To learn more about how the illness affects the brain, a team of researchers used an ultra-sensitive magnetic resonance imaging (MRI) scanner to peer inside the skulls of 19 recently-deceased COVID patients. Publishing their findings in the New England Journal of Medicine, the study authors reveal the presence of several abnormalities within certain key brain regions.
Within the olfactory bulb, which controls the sense of smell, and the brainstem, which coordinates automatic processes such as breathing and heart rate, the researchers noted a large number of light and dark spots. The light areas represent hyperintensities, and are a hallmark of inflammation, while the dark spots, called hypointensities, typically indicate bleeding.

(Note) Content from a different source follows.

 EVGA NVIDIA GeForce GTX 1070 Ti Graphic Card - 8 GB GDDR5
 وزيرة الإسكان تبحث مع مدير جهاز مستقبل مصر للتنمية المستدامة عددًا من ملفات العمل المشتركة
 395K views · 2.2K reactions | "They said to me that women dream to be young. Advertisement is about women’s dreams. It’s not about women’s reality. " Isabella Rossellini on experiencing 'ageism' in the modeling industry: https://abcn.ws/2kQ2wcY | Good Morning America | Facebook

A closer inspection of these features under a microscope revealed that blood vessels in the lighter regions had become thinner and leaky, allowing certain blood proteins to escape. This, in turn, triggered an immune response, indicated by the presence of immune cells such as microglia and T cells in the surrounding tissue.
Arrows point to light and dark spots that are indicative of blood vessel damage observed in the study. Image courtesy of NIH/NINDS
The darker spots, meanwhile, were found to contain clotted blood and leaky blood vessels, but no immune cells. Hyperintensities were observed in a total of nine patients, while hypointensities were found to be present in 10 patients.

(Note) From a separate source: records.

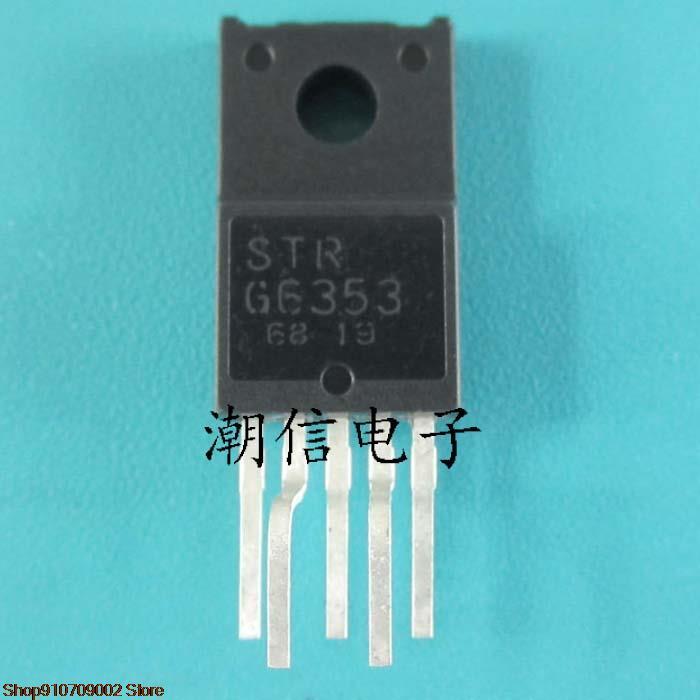 10pieces STR-G6353 STRG6353     original new in stock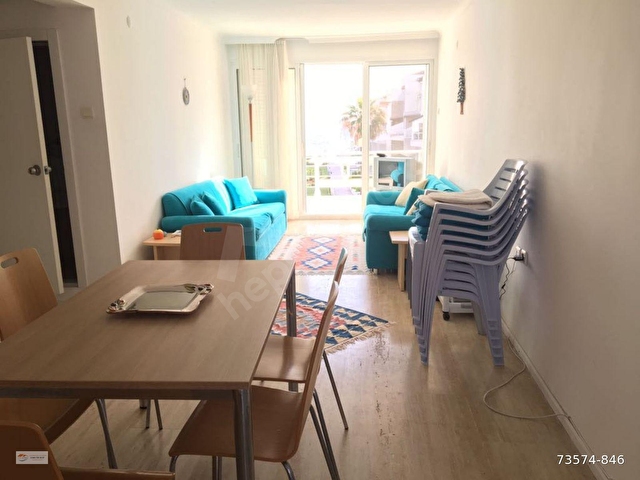 Boyalık yaz ayları Denize Sıfır özel plajlı sitede dubleks 2+1 - Görsel 15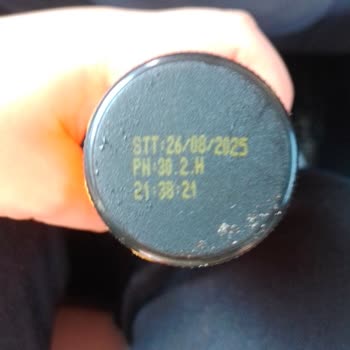 Şok'tan Aldığım Forlife Portakal Suyu Bozuk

In a statement, study author Avindra Nath explained that “the brains of patients who contract infection from SARS-CoV-2 may be susceptible to microvascular blood vessel damage. Our results suggest that this may be caused by the body's inflammatory response to the virus."
“Originally, we expected to see damage that is caused by a lack of oxygen. Instead, we saw multifocal areas of damage that is usually associated with strokes and neuroinflammatory diseases," he continued.
The patients involved in the study had an average age of 50 years old, and many suffered from underlying health issues such as obesity, diabetes, or cardiovascular disease. All died between March and July 2020, having survived for a maximum of two months after becoming infected.
While many questions still remain as to how the virus affects vital organs and systems in different patients, Nath concludes that "our results suggest that the damage we saw may not have been not caused by the SARS-CoV-2 virus directly infecting the brain."